Our patient complained of chest pain upon guidewire insertion beyond 15 cm. This was also accompanied by resistance on that same level. These could be the early sign and symptoms of catheter malposition into the internal mammary vein. The ultrasound-guided us in inserting the catheter into the Internal Jugular vein, but it does not guarantee that the tip would be correctly inserted in the aortocaval area. The Chest X-ray was also not helpful in ruling out internal mammary vein insertion, as shown in our case. Hence, for suspicion of catheter tip malposition, a chest CT scan with contrast, CT angiography, or fluoroscopy should be done to confirm the tip placement.
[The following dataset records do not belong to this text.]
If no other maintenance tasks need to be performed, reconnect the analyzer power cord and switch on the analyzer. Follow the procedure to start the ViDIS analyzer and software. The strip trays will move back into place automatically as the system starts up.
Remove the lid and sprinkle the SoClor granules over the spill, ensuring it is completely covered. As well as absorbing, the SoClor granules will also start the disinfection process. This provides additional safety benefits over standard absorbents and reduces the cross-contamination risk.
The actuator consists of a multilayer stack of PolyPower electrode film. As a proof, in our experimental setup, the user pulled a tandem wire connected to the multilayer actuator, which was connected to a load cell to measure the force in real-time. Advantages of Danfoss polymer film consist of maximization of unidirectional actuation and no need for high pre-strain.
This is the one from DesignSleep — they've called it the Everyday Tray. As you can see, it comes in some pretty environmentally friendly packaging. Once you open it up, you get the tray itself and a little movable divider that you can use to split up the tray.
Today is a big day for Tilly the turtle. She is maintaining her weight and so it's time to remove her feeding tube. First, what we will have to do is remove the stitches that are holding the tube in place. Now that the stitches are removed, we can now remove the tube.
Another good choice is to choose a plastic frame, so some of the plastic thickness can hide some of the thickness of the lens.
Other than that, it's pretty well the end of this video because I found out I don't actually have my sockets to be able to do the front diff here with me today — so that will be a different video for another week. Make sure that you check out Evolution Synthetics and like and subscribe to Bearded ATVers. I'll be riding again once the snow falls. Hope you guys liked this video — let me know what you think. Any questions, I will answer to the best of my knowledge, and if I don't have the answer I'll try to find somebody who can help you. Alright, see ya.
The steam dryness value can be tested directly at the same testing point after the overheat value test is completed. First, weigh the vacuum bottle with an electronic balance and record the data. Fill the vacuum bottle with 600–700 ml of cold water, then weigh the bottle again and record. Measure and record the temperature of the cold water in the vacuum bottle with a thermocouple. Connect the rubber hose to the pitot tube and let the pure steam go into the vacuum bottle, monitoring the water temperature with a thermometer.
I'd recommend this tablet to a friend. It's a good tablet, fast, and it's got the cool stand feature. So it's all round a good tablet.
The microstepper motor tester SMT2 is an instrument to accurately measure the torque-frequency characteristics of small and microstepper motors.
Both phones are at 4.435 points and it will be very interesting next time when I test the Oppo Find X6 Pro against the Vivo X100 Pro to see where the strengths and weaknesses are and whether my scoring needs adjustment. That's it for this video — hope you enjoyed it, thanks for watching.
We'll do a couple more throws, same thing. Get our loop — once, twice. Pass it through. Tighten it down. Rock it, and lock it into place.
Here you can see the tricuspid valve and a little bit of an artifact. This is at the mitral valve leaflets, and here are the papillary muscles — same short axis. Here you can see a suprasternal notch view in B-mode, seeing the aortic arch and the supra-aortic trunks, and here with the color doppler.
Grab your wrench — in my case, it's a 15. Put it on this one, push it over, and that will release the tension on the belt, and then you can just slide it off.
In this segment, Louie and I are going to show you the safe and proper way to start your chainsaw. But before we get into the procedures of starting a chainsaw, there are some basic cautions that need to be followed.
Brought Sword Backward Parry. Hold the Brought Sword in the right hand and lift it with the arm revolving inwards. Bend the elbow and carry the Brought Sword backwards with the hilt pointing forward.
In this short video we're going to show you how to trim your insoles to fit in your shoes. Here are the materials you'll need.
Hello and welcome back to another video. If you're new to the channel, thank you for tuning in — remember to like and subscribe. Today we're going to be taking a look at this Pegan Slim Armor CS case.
Ultrasound has significantly improved the success of Internal Jugular catheterization. One prospective randomized controlled trial, significantly decreased failed cannulation rate from 35% to 0% . Another prospective randomized controlled trial noted an improvement in successful cannulation rate from 76% to 100% with the use of real-time ultrasound guidance . However, our case report only proves that even if we successfully cannulated the internal jugular vein, catheter tip malposition is still a possible complication, that requires a high index of suspicion.
Urgent interventions should be done once central venous catheter tip malposition to the internal mammary vein is confirmed, because of the risk of perforation of that vessel and extravasation of blood and fluids into the surrounding tissue. An increased risk of thrombosis is also likely because of a low flow state. While there are still no clear guidelines on how to manage this case, we think that the best approach should be to reinsert the catheter through the guidance of fluoroscopy, as we did to our patient.
Accidental cannulation of the internal mammary vein is a very rare complication of Internal Jugular catheter insertion. An inadvertent right internal mammary vein malposition from a right internal jugular vein cannulation is probably even rarer since the right Internal Jugular catheter should go straight down to the superior vena cava. This case report showed that this complication is possible even with the use of ultrasound guidance. Once there is a high index of suspicion, the insertion of the tip should be confirmed by a CT scan or fluoroscopy, and the catheter should be removed as soon as possible. Further studies should be done to establish a more definitive guideline.